The inventive case studies that make up the second part of Zug’s book examine a variety of historical demagogues who have occupied each of the major branches of national government. He compares seemingly unlikely figures like Samuel Chase and Antonin Scalia, or Franklin Roosevelt and Donald Trump. These cases flesh out our understanding of good and bad demagogues and the ways in which their institutional responsibilities and historic challenges inflect their rhetorical choices. For example, he argues that Rep. Adam Clayton Powell’s “insults, exaggerations, and deliberate provocations” (p. 121) in the House were mostly justified tactics to move a resistant and “oftentimes hostile white audience” (p. 124) to recognize the realities of entrenched racial discrimination.

This book is undoubtedly one of the most sophisticated and nuanced treatments of demagoguery available.

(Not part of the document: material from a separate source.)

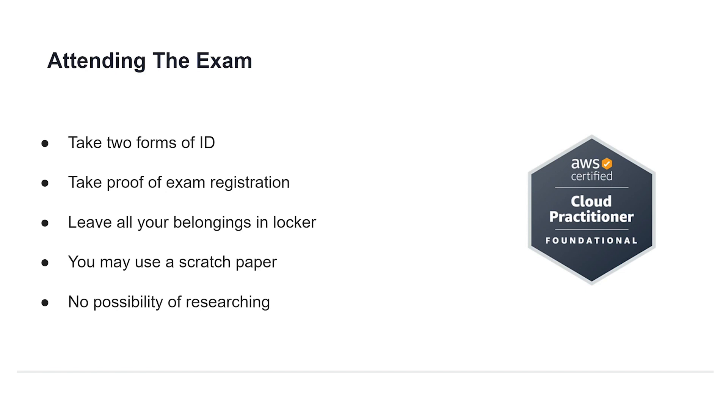When going to actually sit the exam, remember to take two forms of identifying documents as well as proof of exam registration. You can show registration on your phone, but your identification needs to be hard copies. You won't be allowed to take personal belongings inside, so you will have to leave those behind in a locker. In the exam you will be allowed to use scratch paper, but you will not be allowed to take it home or out of the exam hall.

Zug’s theoretical framework helps us delineate the features and preconditions of good and bad demagogues and compels us to take seriously leaders’ institutional obligations—how “different jobs require different kinds of speech” (p. 10). His thesis is both hard to refute and urgent: demagoguery is not an oddity or a perversion of American politics but an endemic feature of our republic and one that can potentially invigorate our national discourse and constitutional politics. He treats his subjects with a welcome generosity, concluding, for example, that U.S. Senator Huey Long’s critique of American politics possesses an “underappreciated sophistication” (p. 143).

At the same time, in calling itself Demagogues in American Politics this book promises somewhat more than it delivers. Zug focuses on officeholders at the federal level, yet the universe of American demagogues stretches much wider. We might identify Father Coughlin or Charles Lindbergh as important demagogues and, in more recent years, figures like Alex Jones. Of course, Zug might respond that constitutional officers have unique responsibilities to guide our national conversations—generating rhetoric we can judge through standards arising from their official duties. But if that is the case, why spend an entire chapter considering the status of Daniel Shays, who was not even a soldier at the time of the insurrection that bears his name? Moreover, many state officials take oaths to support the Constitution, an obligation that arguably makes them suitable for inclusion in this project. Zug may have practical or theoretical reasons for not considering these different figures, but he should make the case directly, especially given our fear that in an era of negative partisanship and populism, demagoguery is likely coursing through the republic.

Some readers may also leave this book with lingering questions about what are the core elements of demagoguery. We have a good sense of how the classical and modern conceptions differ and how good demagogues diverge from those who rely “on hope and emotion at the expense of coherent argument” (p. 155). But at different points in the book, the author associates demagoguery with “hyperbole,” “norm-breaking,” and rhetoric that is “personalistic” or “provocative and divisive” (p. 109). Are these all equally constitutive of demagoguery? Do demagogues generally flatter the “unreflective prejudices and desires of the people” (p. 67), or is that only a byproduct of bad leadership? At several points, Zug indicates that demagogues defend their rhetoric as a response to political crises, but can good demagoguery be used for more routine constitutional maintenance?

Again, Zug’s interest in exploring the “range of meanings that demagoguery can have” (p. 77) is part of what makes the book so analytically powerful. But this definitional openness raises the question of what unifies the concept across its different manifestations and substantive tensions. There seems to be some irreducible competition, for example, between the imperative that a good demagogue must provide reasonable claims with “empirical evidence and argumentative rigor” (p. 163) and our understanding that part of what distinguishes demagogic power is its capacity for invective, divisiveness, and emotion. Without a more vivid account of what demagoguery is, one wonders whether good demagogues are, to some degree, anti-demagogic.